Weixin OpenClaw Login

Security checks across malware telemetry and agentic risk

Overview

This skill fits its Weixin/OpenClaw login purpose, but it handles login URLs, QR tokens, bot tokens, and local account files without clearly warning users that they are secrets.

Review before installing. Use this only if you trust the Tencent Weixin OpenClaw package and need this login workflow.
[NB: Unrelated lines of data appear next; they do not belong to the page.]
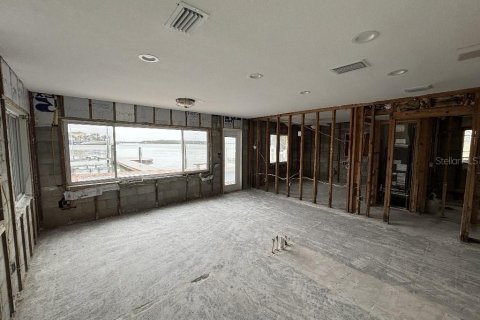 Casa en venta en Madeira Beach, Florida, 4 dormitorios, 215.81 m2 № 1894853 - foto 13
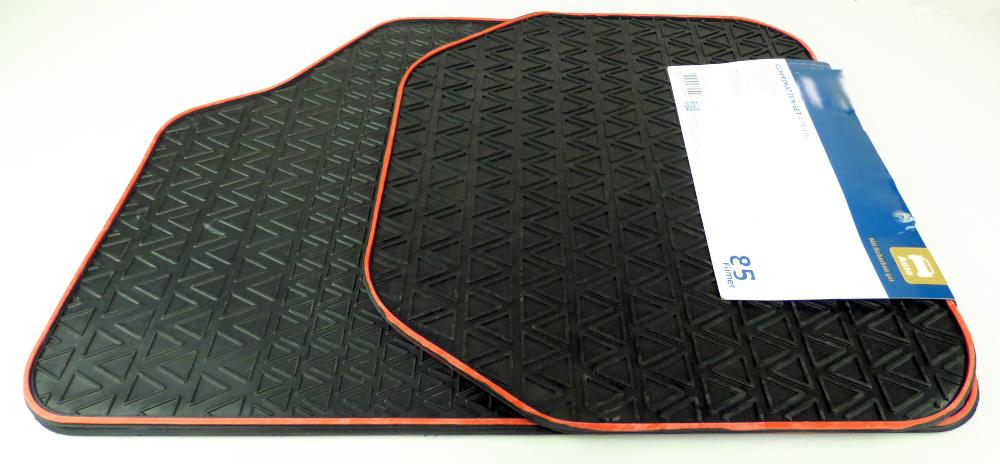 Angaben des Antragstellers:
Bei der Ware handelt es sich um ein 4-teiliges Gummimatten-Set (je zwei Stück mit den Maßen: 680 x 480 mm und 480 x 460 mm) mit rutschfester Unterseite in universeller Passform für alle gängigen PKW-Modelle.

Feststellungen an einem Warenmuster:
Es wurde ein Gummimatten-Set bestehend aus vier Matten in zwei Größen vorgelegt. Die Matten bestehen aus einem schwarzen, nicht zelligen, elastischen Material. Die Fußmatten aus Weichkautschuk verfügen über abgerundete Ecken und sind strukturiert.

Befund:
Es handelt sich um eine andere Ware aus Weichkautschuk, andere, Fußmatten.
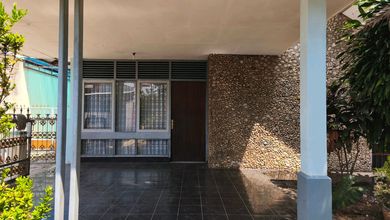 Rumah Area Premium Candisari, Semarang - Harga Terbaik 4,4 Miliar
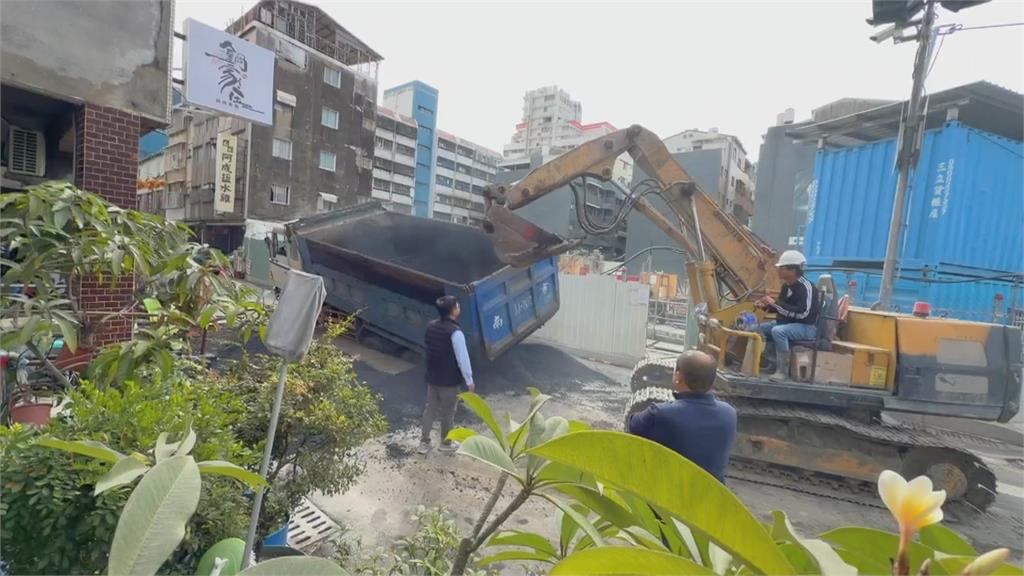 2年至少塌2次！　台南五妃街「天坑」　卡車陷坑洞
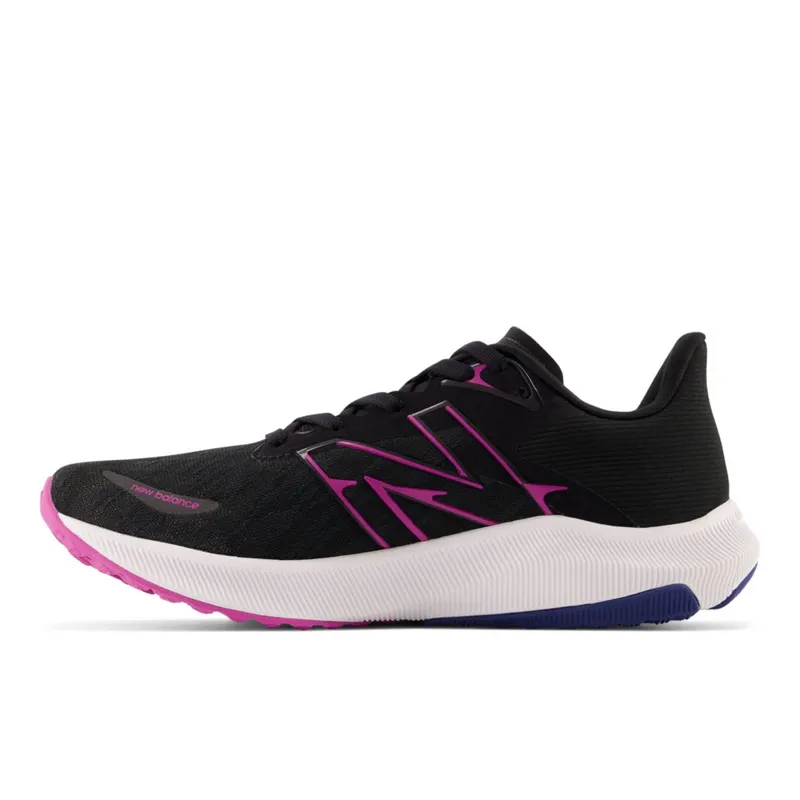 New Balance FuelCell Propel V3 Black / Magenta Pop (WFCPRV3-39824)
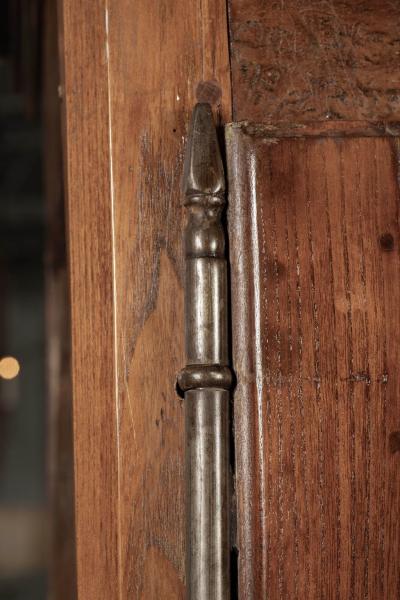 18th Century Armoire in Olive Wood and Ash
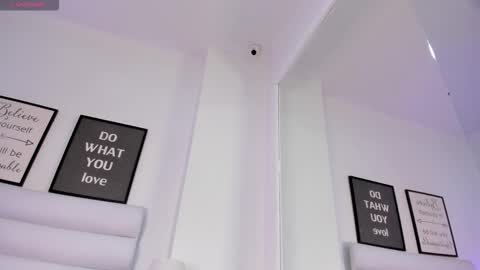 Snapshot of abbey_walker chatting on December 20, 11:17 am abbey_walker online show from December 20, 11:17 am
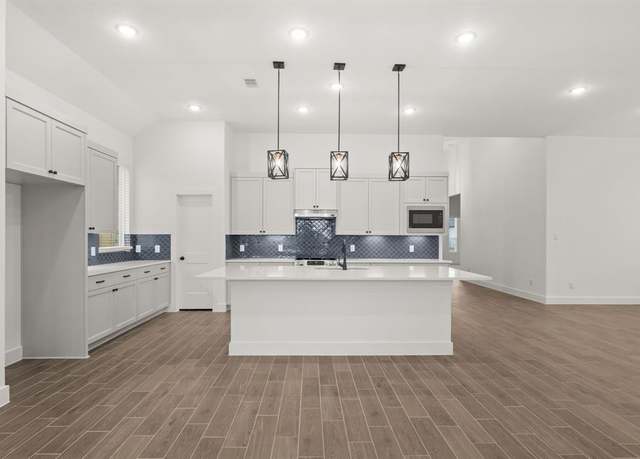 Property at 12043 Crooked Creek Ln, Santa Fe, TX 77510, 4 beds, 3 baths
Treat QR URLs, qrcode values, bot_token, ilink_user_id, terminal output from the polling script, and files under `~/.openclaw/openclaw-weixin/` as secrets; do not paste them into chats, tickets, logs, screenshots, or repositories unless fully redacted.

SkillSpector

By NVIDIA
Vulnerability Patterns
  • Data ExfiltrationExternal Transmission, Env Variable Harvesting, File System Enumeration
  • Prompt InjectionInstruction Override, Hidden Instructions, Exfiltration Commands
  • Privilege EscalationExcessive Permissions, Sudo/Root Execution, Credential Access
  • Supply ChainUnpinned Dependencies, External Script Fetching, Obfuscated Code
  • Excessive AgencyUnrestricted Tool Access, Autonomous Decision Making, Scope Creep
Findings (4)

Missing User Warnings

Medium
Confidence
88% confidence
Finding
The skill instructs users to fetch login QR URLs and poll login status tokens from Tencent endpoints without warning that the qrcode token and returned fields may be login-session artifacts. In a login-flow skill, omission of handling guidance increases the chance users expose tokens in shell history, logs, screenshots, or shared terminals, enabling account/session misuse or privacy leakage.

Missing User Warnings

Medium
Confidence
95% confidence
Finding
The skill points users to local state files that contain bot tokens and even shows the token-bearing JSON shape, but does not label these files as secrets or warn against copying, sharing, or loosening permissions. Anyone who gains access to these files could potentially reuse the token to impersonate the connected Weixin/OpenClaw account or disrupt the integration.

Missing User Warnings

Medium
Confidence
92% confidence
Finding
The document explicitly recommends sharing the raw QR-code login URL because it is more reliable than the rendered terminal QR code, but it does not treat that URL as an authentication secret. In this login flow, the raw QR URL is the actual login carrier; anyone who receives or intercepts it may be able to scan and bind the session, enabling unauthorized account access or session hijacking.

Missing User Warnings

Medium
Confidence
95% confidence
Finding
The notes include a successful response containing `bot_token` and describe exact local credential storage paths without warning that these are secrets. This materially lowers the barrier to credential theft: users may paste live tokens into support channels or expose stored account files, leading to account takeover, replay of authenticated sessions, or broader compromise of the connected OpenClaw/Weixin integration.

VirusTotal

64/64 vendors flagged this skill as clean.

View on VirusTotal

Static analysis

No suspicious patterns detected.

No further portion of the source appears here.